In my experience, when you compare what publishers think people want (aspirational fluff content, or content that reflects academic ideals) with evidence that shows what people actually choose (realistic, in-depth content that’s fun to consume), evidence shows that higher quality, comprehensive information attracts readers long-term. I can’t give you specifics besides my knowledge of optimization strategies and client results, but generally good content — high-quality, useful information — is discoverable, as long as basic optimization guidelines are followed.

Google doesn’t “democratize” access to information — no privately owned software is capable of democratizing anything. But it does give independent websites and publishers a fighting shot at successfully distributing content that audiences, not advertisers, consider to be good. The monetization model is on you, publisher, but it can be done. It also enables companies to represent themselves publicly and reach audiences directly, with far more depth than a brochure.

And in the cases when searchers can’t find good content about a specific subject — as Charlie Warzel described in an Atlantic piece that claimed Google is bad now without providing any data besides vibes — it’s often because that good content hasn’t yet been published online, or at all. Common logic seems to dictate that the presence of large amounts of content must mean that all the good work has already been published. But the fact is that most digital content is created using the extractive farm model, rather than a model with sustainability for both creators and advertisers in mind.

 I’ve said it before, and I will die on this soapbox: If you want to publish high-quality, discoverable content online and commit to building an organized website that users spend time with, there are still plenty of opportunities to show up as an expert. (Just don’t sell advertising through Google as your monetization strategy.) You just have to commit to publishing a good website — and despite the lawsuit and the monopoly its aiming to redress, Google’s current guidelines are a solid place to start.

What does good content look like in 2023?

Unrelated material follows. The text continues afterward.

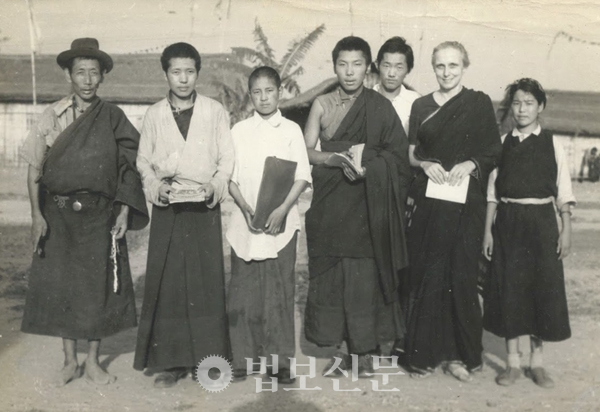 1960년 인도의 티베트 망명소에서 라마승들과 함께 한 프레다 베디.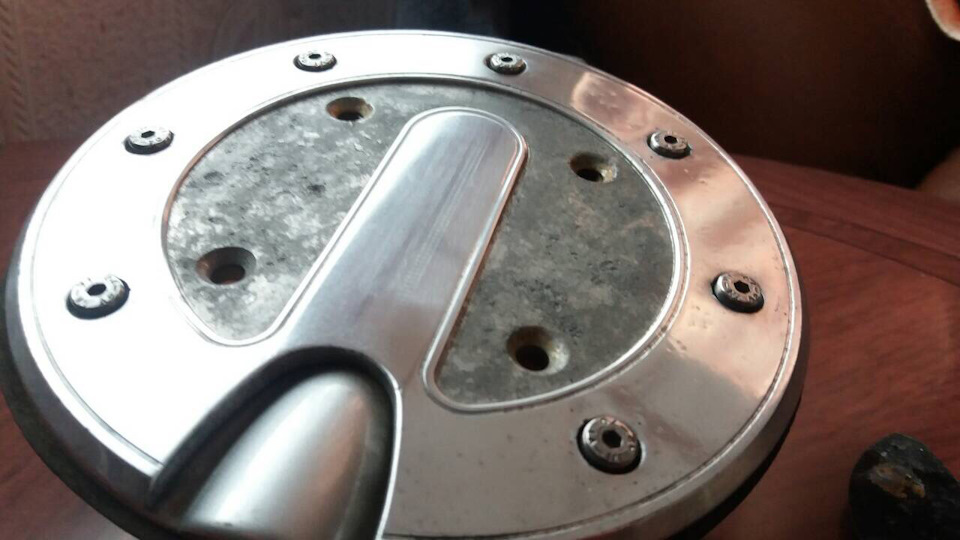 Накладка Лючка steinmetz 2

And what does great, successful content look like? Well, it hasn’t changed much from what we published three years ago, with a couple of expertise bullet-points at the end. Good web content is:

  • Is readable and crawl-able by search engines
  • Is structured according to user behavior and topic matter (i.e., not buried in a blog somewhere)
  • Contains words and phrases that are characteristic of the entity or topic you want to be discovered for
  • Also contains original words, phrases, and syntax not seen in other similar search results for the query
  • Presents the topic so that your target audiences can understand, with web-friendly writing
  • Is factual and originally sourced, with citations
  • Uses original photos, illustration, design, audio, and videos to enhance and complement content
  • Is accessible for different types of learners — ideally so readers, visual thinkers, and video fans can understand the resource at hand
  • Is accompanied by authorship information and clear editorial policies
  • Is supported by data and not created programmatically or with artificial intelligence
  • Has a strong and unique point of view and well-argued perspective that can appeal to both experts and new users
  • Is surprising and unexpected without alienating its audience
  • Doesn’t bury the lede
  • Is connected to other website content through both on-page and menu navigational patterns

I’m not rooting for Google, but I’m not rooting against them either. Instead, I’m rooting for the indie publishers and shop owners and people who are thinking about what they publish online as a new opportunity to reach the diverse array of people who seek out content they enjoy, rather than an opportunity to capitalize on traffic. Use it for my epitaph: I am 100% rooting against traffic.